Exercise aim: When you reach the line with "Güneşli bir günde" in the data below, begin printing lines exactly, and stop once the line with "Manitowoc NEO UYF0140A-161B" has been printed.

Input records:
= Beginning of Section =

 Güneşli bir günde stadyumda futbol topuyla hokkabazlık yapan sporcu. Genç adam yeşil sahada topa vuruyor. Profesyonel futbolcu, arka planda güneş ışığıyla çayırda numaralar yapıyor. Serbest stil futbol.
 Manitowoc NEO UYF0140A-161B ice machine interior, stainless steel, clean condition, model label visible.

= End of Section =
= Beginning of Section =

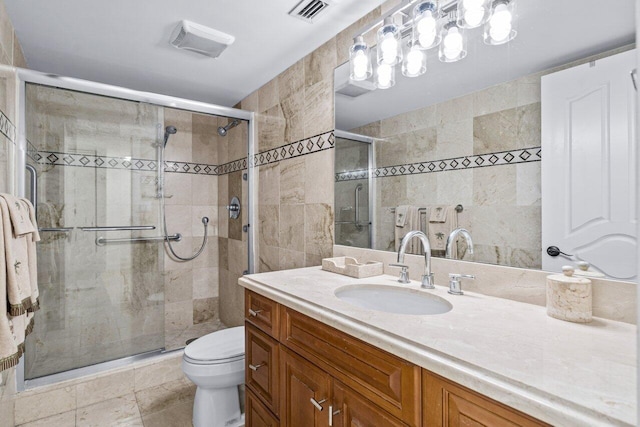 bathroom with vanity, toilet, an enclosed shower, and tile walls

= End of Section =
= Beginning of Section =

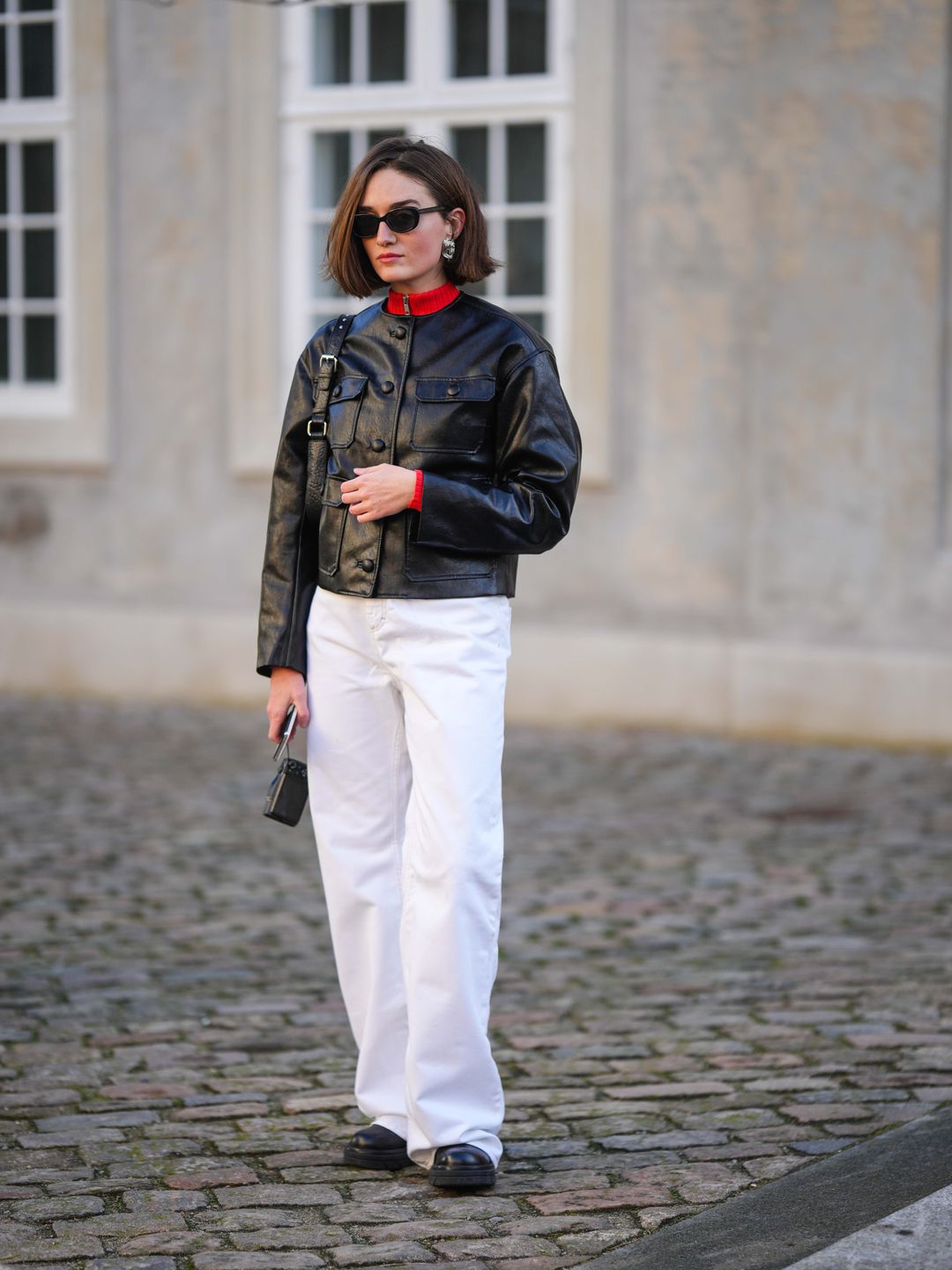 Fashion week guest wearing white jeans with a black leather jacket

= End of Section =

Exercise solution:
 Güneşli bir günde stadyumda futbol topuyla hokkabazlık yapan sporcu. Genç adam yeşil sahada topa vuruyor. Profesyonel futbolcu, arka planda güneş ışığıyla çayırda numaralar yapıyor. Serbest stil futbol.
 Manitowoc NEO UYF0140A-161B ice machine interior, stainless steel, clean condition, model label visible.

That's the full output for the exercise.